━━━━━ The data
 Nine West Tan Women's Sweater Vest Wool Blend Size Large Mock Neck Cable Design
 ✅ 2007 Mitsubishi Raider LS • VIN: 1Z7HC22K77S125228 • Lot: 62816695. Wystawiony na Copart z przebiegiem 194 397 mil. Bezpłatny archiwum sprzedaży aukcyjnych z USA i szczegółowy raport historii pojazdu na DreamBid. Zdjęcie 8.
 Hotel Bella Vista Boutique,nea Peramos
━━━━━━━━━━
━━━━━ The data
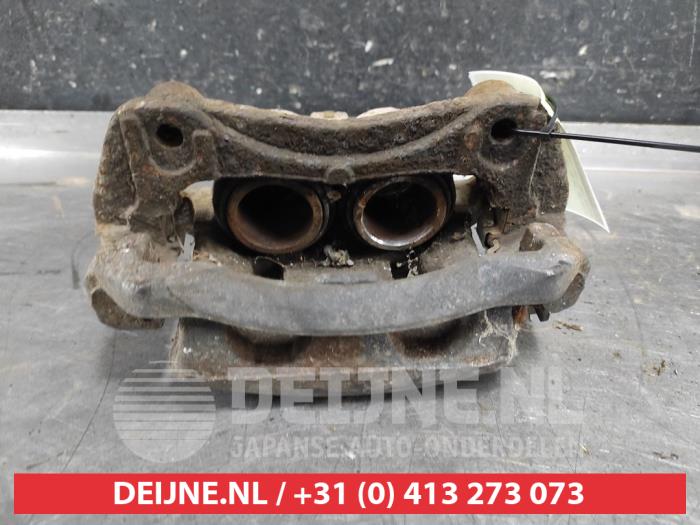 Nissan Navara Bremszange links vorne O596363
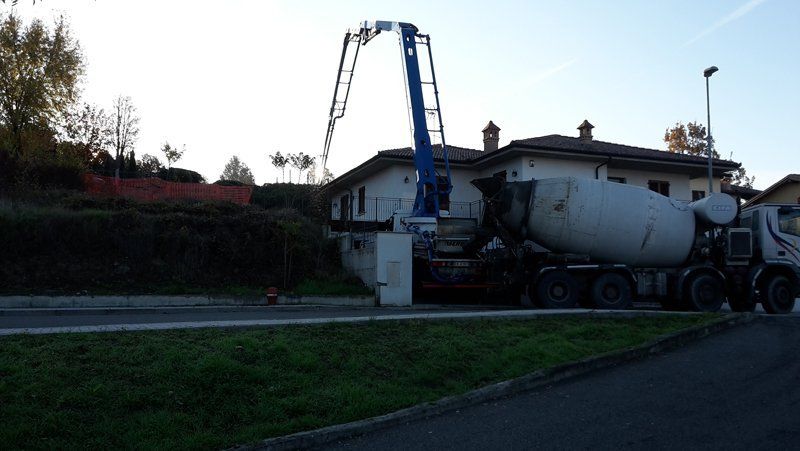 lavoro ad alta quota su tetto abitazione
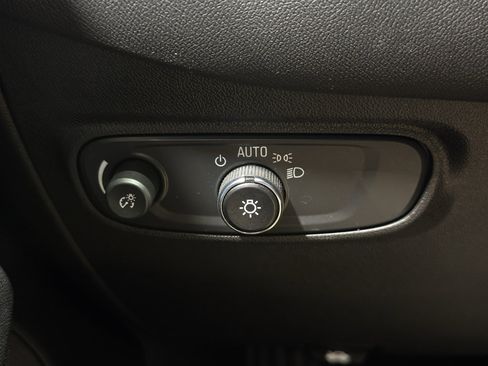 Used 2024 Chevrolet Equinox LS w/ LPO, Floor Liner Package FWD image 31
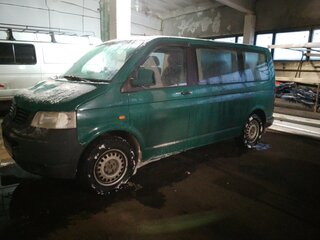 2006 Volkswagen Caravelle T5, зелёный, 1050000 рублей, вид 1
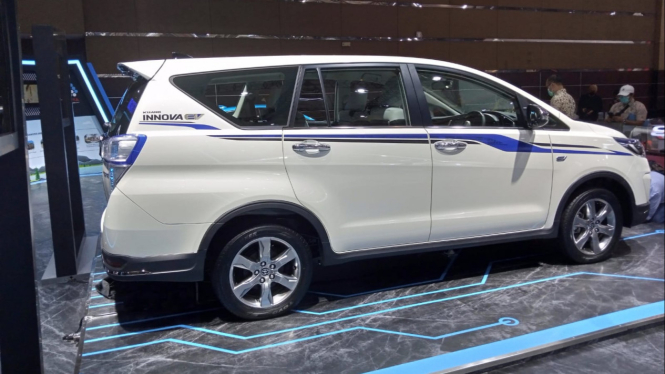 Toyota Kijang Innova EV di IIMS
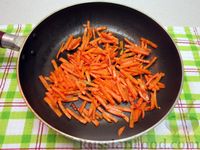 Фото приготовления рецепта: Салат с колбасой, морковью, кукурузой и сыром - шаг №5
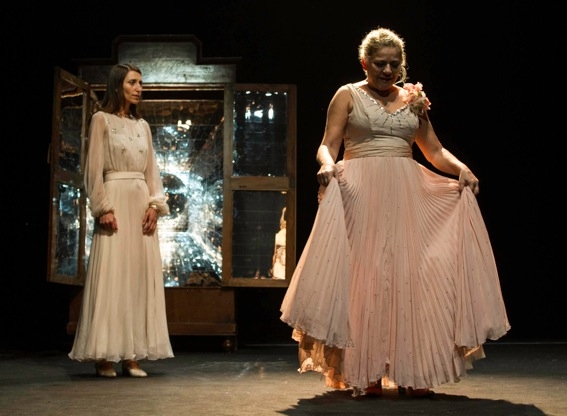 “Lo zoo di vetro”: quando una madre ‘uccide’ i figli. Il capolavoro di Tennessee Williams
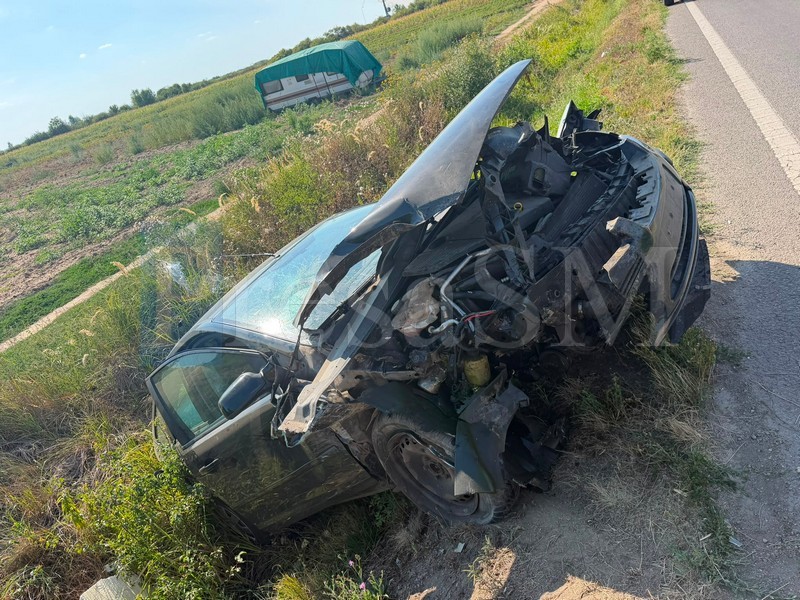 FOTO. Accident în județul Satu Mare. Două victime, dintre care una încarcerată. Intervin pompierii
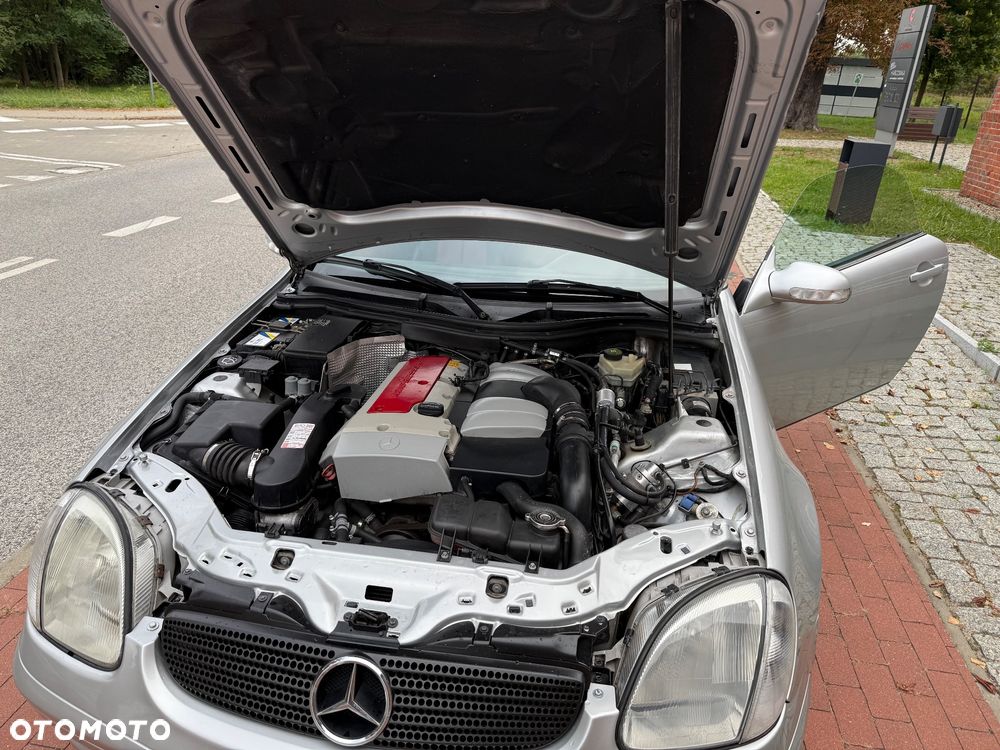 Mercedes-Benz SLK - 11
━━━━━━━━━━
━━━━━ The data
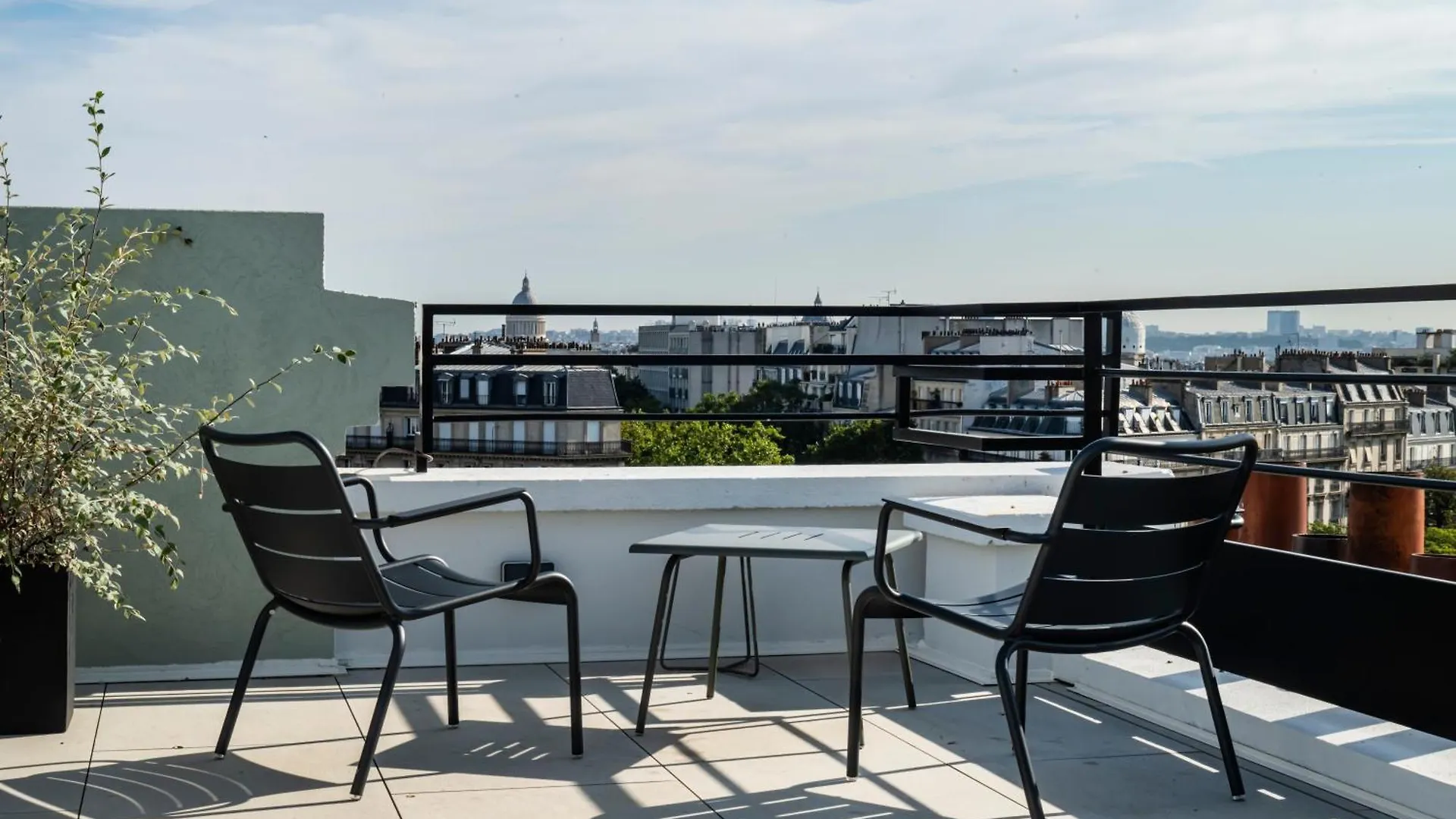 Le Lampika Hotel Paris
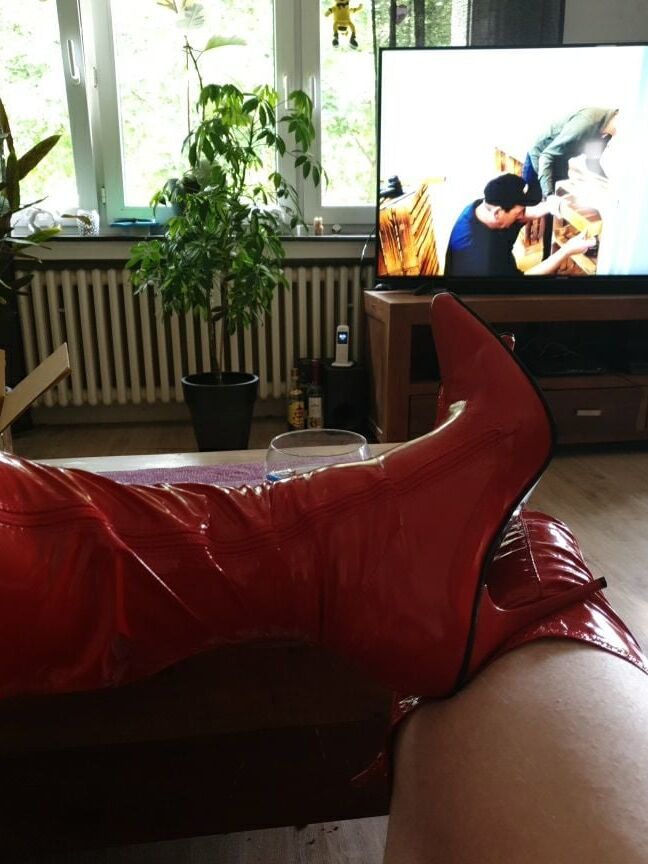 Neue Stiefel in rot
━━━━━━━━━━
*What you should do*
All that should appear in the answer is the lines above from the line with "Toyota Kijang Innova EV di IIMS" through the line with "Mercedes-Benz SLK - 11", retyped exactly, pictures left out.

*Response to this exercise*
 Toyota Kijang Innova EV di IIMS
 Фото приготовления рецепта: Салат с колбасой, морковью, кукурузой и сыром - шаг №5
 “Lo zoo di vetro”: quando una madre ‘uccide’ i figli. Il capolavoro di Tennessee Williams
 FOTO. Accident în județul Satu Mare. Două victime, dintre care una încarcerată. Intervin pompierii
 Mercedes-Benz SLK - 11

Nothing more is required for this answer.